It is pretty obvious that his volley and thunder over Kashmir, both at home and at international fora, doesn’t quite fit into the perspective of the OIC in the wider canvas. In relation to Kashmir, he is arguably ploughing a lonely furrow. The agressiveness of the cricket pitch does not work in the context of geostrategy. The failure of foreign policy is a reflection too on the ruling Pakistan Tehreek-i- Insaf. The message from Saudi Arabia must resonate in the echo chambers of Islamabad and the Rawalpindi GHQ; save Pakistan, the other 56 members of the concert of Islamic countries are loath to interfere in India’s policy towards Kashmir.
Ever since India revoked the special status of Kashmir in August last year, Pakistan had articulated its pitch for an OIC foreign ministers’ meeting.

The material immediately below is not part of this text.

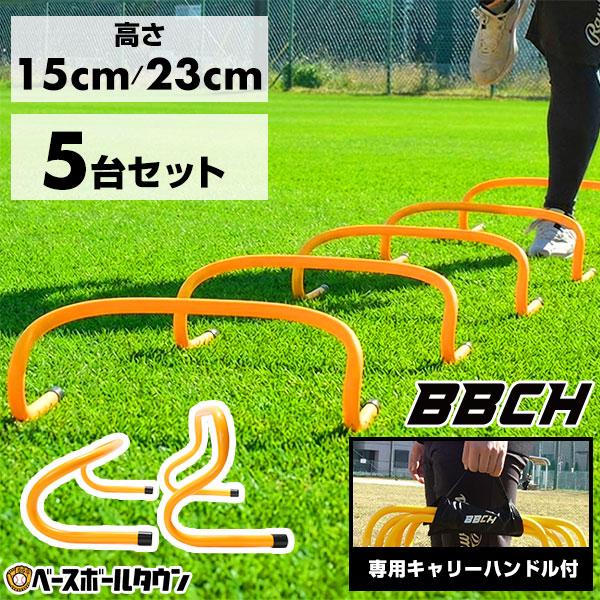 スピード・俊敏性・瞬発力を高めるトレーニングに最適な高さが選べるミニハードル5台セット！●5台セット●サイズ・重量：高さ15cm、奥行き20cm、ポールの直径1.9cm、重量200g高さ23cm、奥行き21cm、ポールの直径1.9cm、重量...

Its foreign minister, Shah Mehmood Qureshi, had recently said that such a conference was necessary to send a clear message from the ummah on the Kashmir issue. For any move at the OIC, support from Riyadh is considered essential not the least because the entity is dominated by Saudi Arabia and other Gulf countries.
As it turns out, the Islamic bloc, helmed by the palace in Riyadh, has conveyed a strident message to Islamabad. The desert kingdom reportedly made several proposals to Pakistan to avoid the CFM. It had even suggested a joint meeting on the Palestine and Kashmir issues, but Islamabad has stuck to its proposal for a CFM meeting…and on the terms set by Imran Khan. To use the language of the metaphor, his attempted Yorker has turned out to be a low full toss.